DIARIES
Gathering Blossoms Under Fire: The Journals of Alice Walker
edited by Valerie Boyd.
Weidenfeld and Nicolson, $34.99
Something shifted when Alice Walker’s novel The Color Purple won the American Book Award in 1983. Her acceptance speech catches it: “I accept this award for my novel, in the name of the folk, like my parents, who have never written or read a novel; the folk of this country, robbed of education, health and happiness, and forced to labour for the benefit of the oppressor classes, and the folk all over the world…” She goes on to say “we must use all our anger and all our love…”

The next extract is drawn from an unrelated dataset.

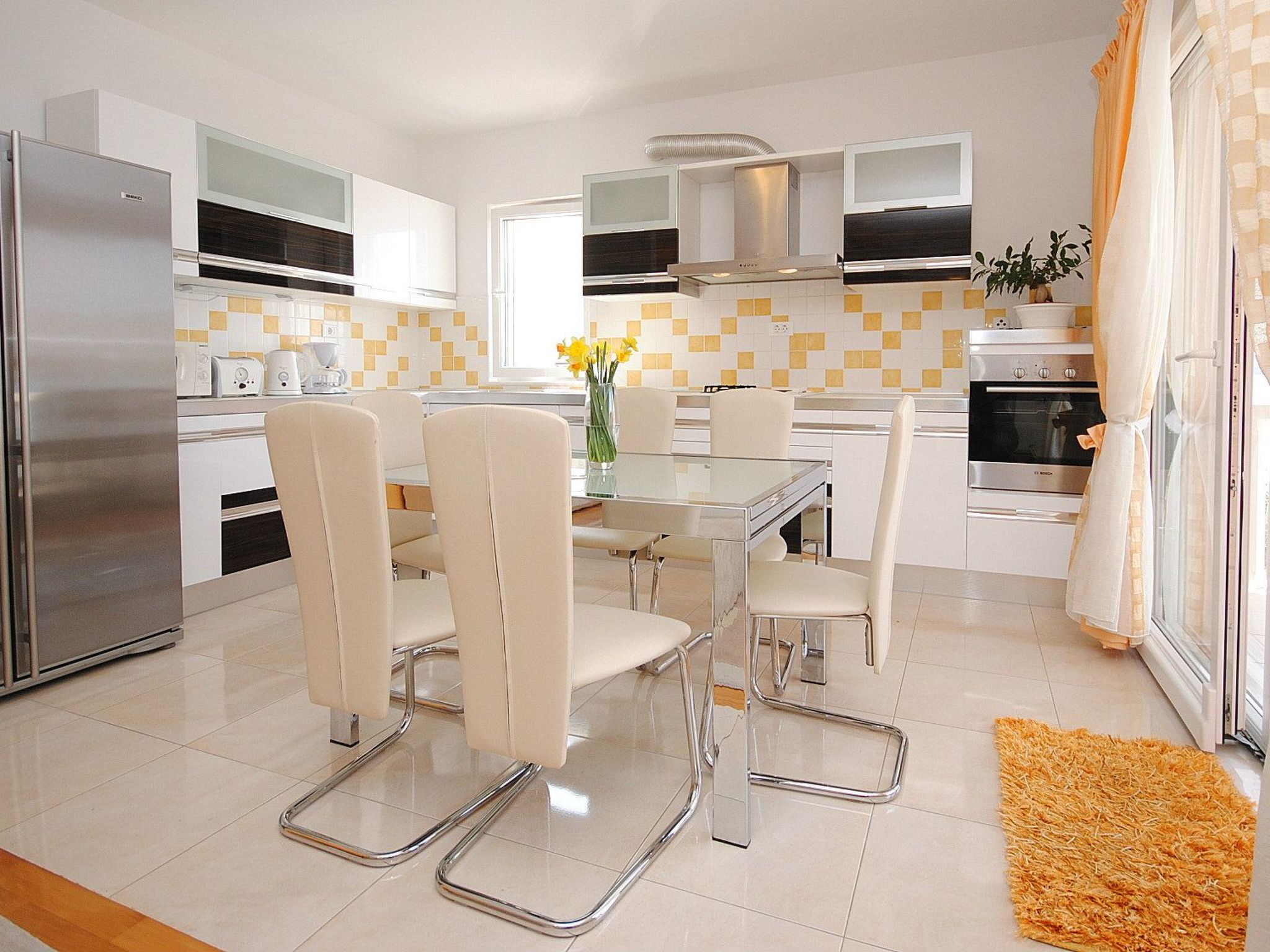 Geräumige Wohnung in erster Reihe zum Strand in Okrug-Image-tags.info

Anger. Love. Hold on to those words. On the evidence of these journals, they encapsulate her life. From the beginning, she has a rage not just to live but a need to be seen doing it. Living was a political act. That takes courage. And art.

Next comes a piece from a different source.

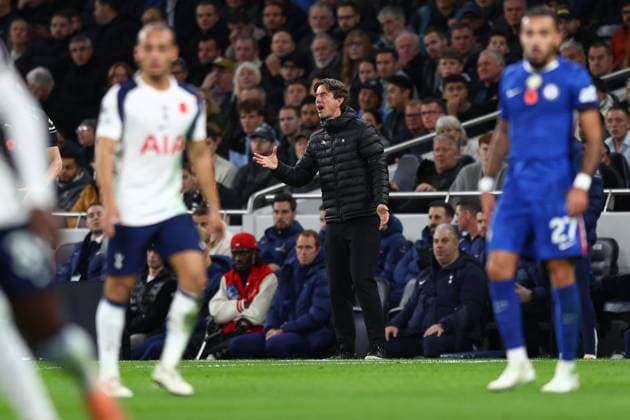 Tottenham Hotspur v Chelsea, Premier League Tottenham Hotspur Manager Thomas Frank gestures to his players during the Tottenham Hotspur v Chelsea Premier League match at the Tottenham Hotspur Stadium, London, England on 1 November 2025 Credit: Sally Rawlins Every Second Media Editorial use only. All images are copyright Every Second Media Limited. No images may be reproduced without prior permission. All rights reserved. Premier League and Football League images are subject to licensing agreements with Football DataCo Limited. see https: www.football-dataco.com Copyright: xIMAGO EveryxSecondxMediax ESM-1650-0025 SallyxRawlinsx xEveryxSecondxMediax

In 2007, Walker placed more than 65 notebooks and journals in the Rare Book Library at Emory University, Atlanta. Walker, an assiduous/obsessive diarist, put an embargo on everything until 2040. By then, she’ll be 96. These 537 pages have been selected to reveal “an intimate record of her development as an artist, human rights activist and intellectual.” She has also released some passages that reveal her, in the words of her fastidious editor Valerie Boyd, as “woman, writer, an African American, a wife, a daughter, a mother, a lover, a sister, a friend, a citizen of the world”. The title Gathering Blossoms Under Fire is from one of her poems.
Walker’s personal life and her writing life cannot be separated. There are drafts of poems, speeches, commentaries on people she meets, friends and enemies. Envy and jealousy are big hitters in her circles. And then there is her family. She could outdo Dickens for a demanding family. But, like him, she keeps on giving because, like him, she feels responsible for them. And for the world. Change and reform drive Walker.

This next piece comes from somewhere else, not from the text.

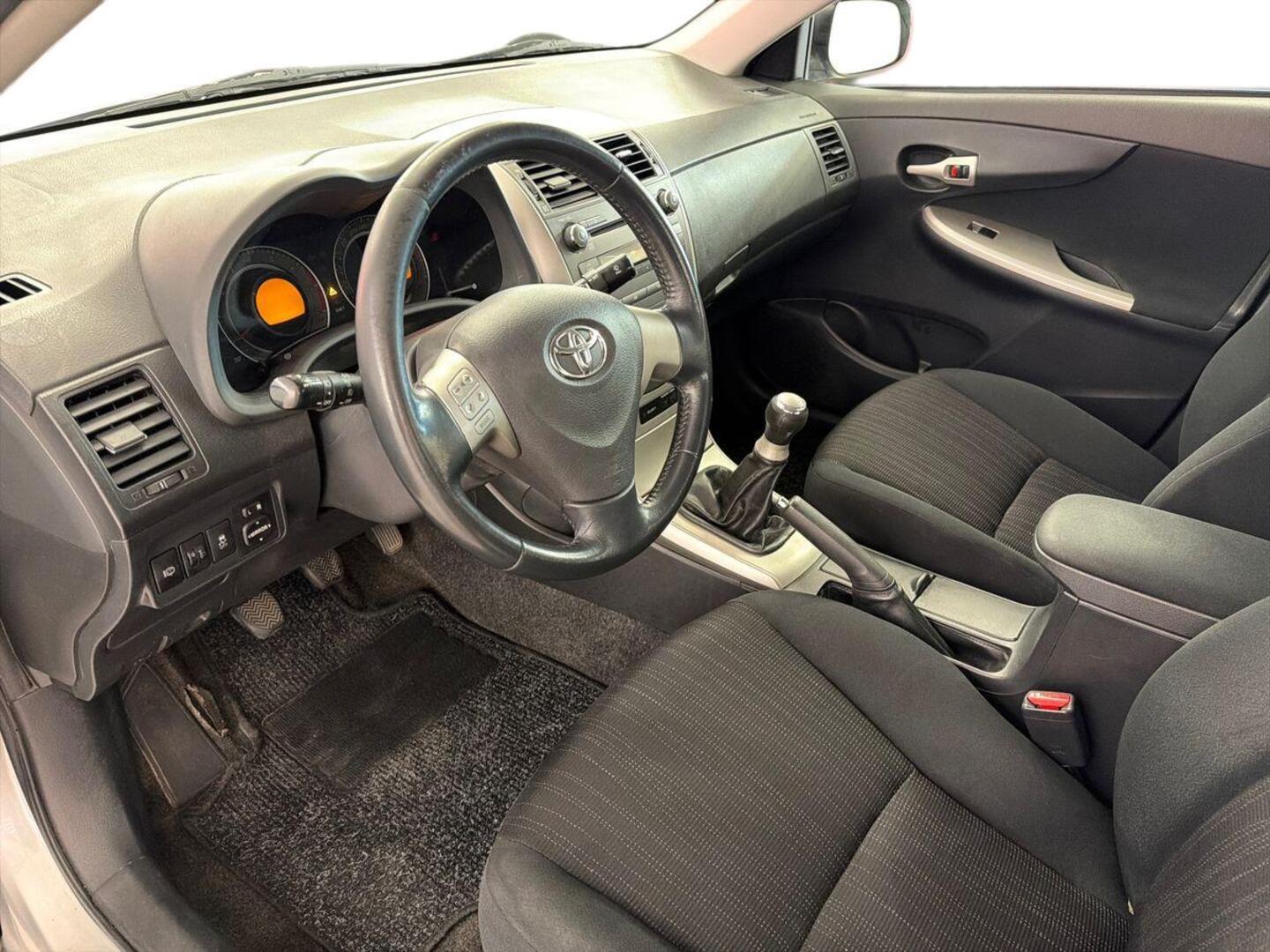 TOYOTA Corolla 2007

Walker wanted beauty, but she also wants to move her reader elsewhere. The early, necessarily high-minded diarising of a driven young woman are the entries that will eventually become the controversial The Color Purple. This, and the Spielberg film adaptation, established Walker as one of the most high-profile women in America. Black women had written novels before but none had won prizes, none had such cinematic interpretation. The journals chart the genesis of this complicated novel, starting with Walker’s own family history.
Her parents were sharecroppers in Georgia, they lived in various “horrible shacks”, and the family stories of neglect and abuse as well as love and fortitude were more complicated than most. Or perhaps for black families they were not. Walker’s was always bounding ahead and she had been published before, but with The Color Purple, her accurate ear for language, an original imagination and a political/feminist consciousness collided and cohered. She had found her voice and it had a unique intimacy.
The first entry is from June 1965, when Walker, 21 and a student at the prestigious, mainly white Sarah Lawrence College in New York, is thinking about becoming involved in the civil rights campaign in the South. Four years later, she is deeply involved. Her credentials are impeccable. She also keeps an eye of how she is thinking and what she could be writing, observes that Tom Wolfe’s dialogue is “wooden” (hooray!) and how to discipline herself with “patience and precision” so that she can turn a blank page into something worth reading.